DIRECTIONS FOR THIS TASK
For the entries below, copy exactly the line that contains "Needle Rhinestone Shiny" through the line that contains "15e Jubileum-partij op", both ends included, and exclude all pictures.

RECORDS FOR THE TASK
....

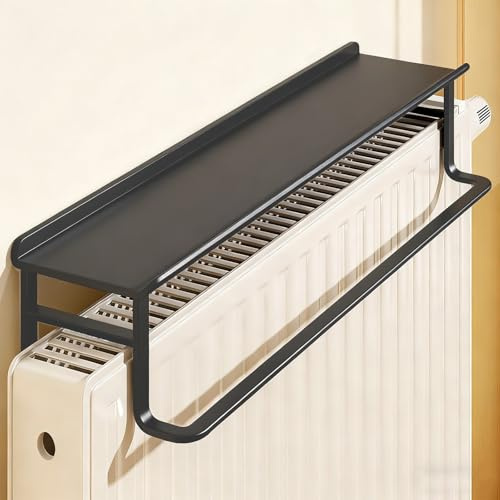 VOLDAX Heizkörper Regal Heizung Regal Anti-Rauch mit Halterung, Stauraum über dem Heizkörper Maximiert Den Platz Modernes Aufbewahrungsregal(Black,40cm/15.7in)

....

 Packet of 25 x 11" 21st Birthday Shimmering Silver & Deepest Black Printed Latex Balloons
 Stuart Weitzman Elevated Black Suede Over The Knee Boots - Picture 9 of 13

....

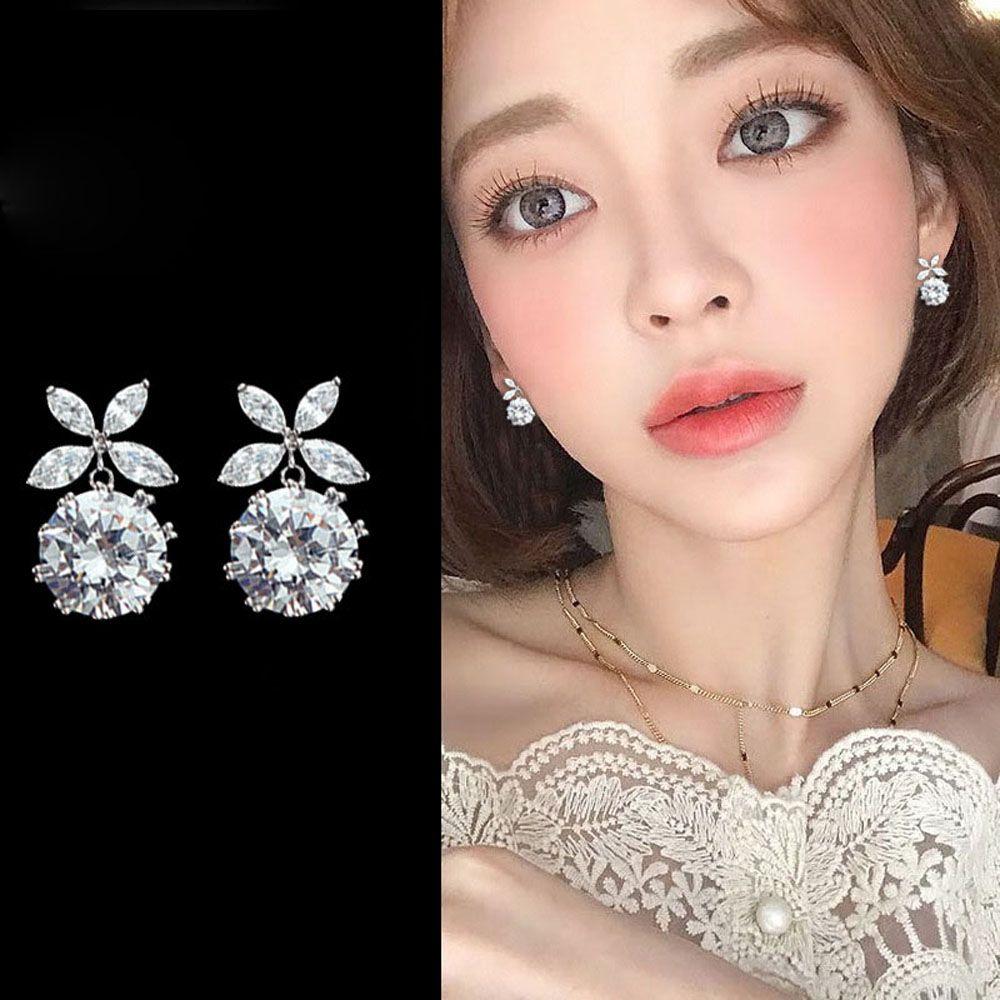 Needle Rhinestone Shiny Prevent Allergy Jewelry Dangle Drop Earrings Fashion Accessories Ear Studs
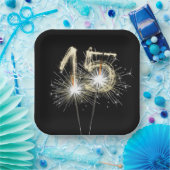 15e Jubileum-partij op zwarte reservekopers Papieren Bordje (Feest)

....

RESPONSE
 Needle Rhinestone Shiny Prevent Allergy Jewelry Dangle Drop Earrings Fashion Accessories Ear Studs
 15e Jubileum-partij op zwarte reservekopers Papieren Bordje (Feest)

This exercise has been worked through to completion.